Lei Wai Nong (pictured, centre) Macau’s Secretary for Economy and Finance, reiterated during the media briefing, a public policy aspiration contained in Macau’s latest Five-Year Development Plan – namely the “healthy and sustainable development” of the gambling industry through improvements to the regulatory system of casinos. He also mentioned a public-policy aim to increase the “competitiveness” of the city’s casino industry.
Mr Lei declined to comment when asked, on whether the Macau government would seek to extend the current gaming concessions. He also declined to comment on the timetable for completing revision of the city’s gaming law.
The Macau government has aimed to complete the revision of the gaming law by the fourth quarter this year, prior to submitting a finalised draft bill to the Legislative Assembly.
The city’s current six gaming concessions are due to expire in June 2022, unless the authorities grant a form of limited extension as permitted under current Macau gaming law. The government has said Macau’s gaming law needs to be updated as a linked issue to a fresh public tender process for Macau gaming rights.
During Tuesday’s media briefing, Mr Lei mentioned the public consultation would cover nine main topics. They included: how many public concessions there should be – a question implying Macau would not seek to move to a system for individually licensing casinos, as had been proposed in some quarters.
Other topics were: the duration of any new concession term; what new regulatory requirements should be applied to concessionaires; steps to protect local employment; and how to help Macau ID holders move up the career ladder in the industry.

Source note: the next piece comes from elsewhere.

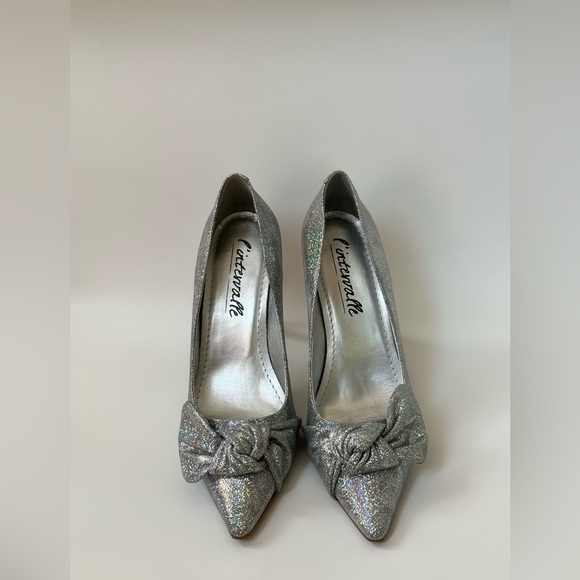 Prom Brazil Made Silver Sparkle Leather Shoes Pumps - Picture 6 of 7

Further topics for the public consultation were: promotion in the industry of non-gaming; the corporate social responsibility of the industry; how to step up scrutiny of junkets and their business collaborators; and how to tackle the issue of deposits made by private investors in the gaming sector, that have in the past sometimes led to members of the local public sustaining losses.
There will be five face-to face consultation sessions run by the gaming regulator. The first, on September 20, will be with the gaming companies and junkets only. The other four sessions will be for the public, on September 29, October 9, October 13 and October 19.